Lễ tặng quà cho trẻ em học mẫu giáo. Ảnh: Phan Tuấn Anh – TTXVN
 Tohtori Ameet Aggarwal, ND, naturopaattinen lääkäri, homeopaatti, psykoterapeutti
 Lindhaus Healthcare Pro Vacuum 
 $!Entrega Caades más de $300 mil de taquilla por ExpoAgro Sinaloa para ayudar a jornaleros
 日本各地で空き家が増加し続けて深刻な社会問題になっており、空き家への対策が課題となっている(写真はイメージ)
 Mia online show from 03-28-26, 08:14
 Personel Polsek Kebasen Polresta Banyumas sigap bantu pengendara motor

**AIM OF THE TASK**.
Your answer must consist of every line above, transcribed verbatim.

**EXERCISE ANSWER**.
Lễ tặng quà cho trẻ em học mẫu giáo. Ảnh: Phan Tuấn Anh – TTXVN
 Tohtori Ameet Aggarwal, ND, naturopaattinen lääkäri, homeopaatti, psykoterapeutti
 Lindhaus Healthcare Pro Vacuum 
 $!Entrega Caades más de $300 mil de taquilla por ExpoAgro Sinaloa para ayudar a jornaleros
 日本各地で空き家が増加し続けて深刻な社会問題になっており、空き家への対策が課題となっている(写真はイメージ)
 Mia online show from 03-28-26, 08:14
 Personel Polsek Kebasen Polresta Banyumas sigap bantu pengendara motor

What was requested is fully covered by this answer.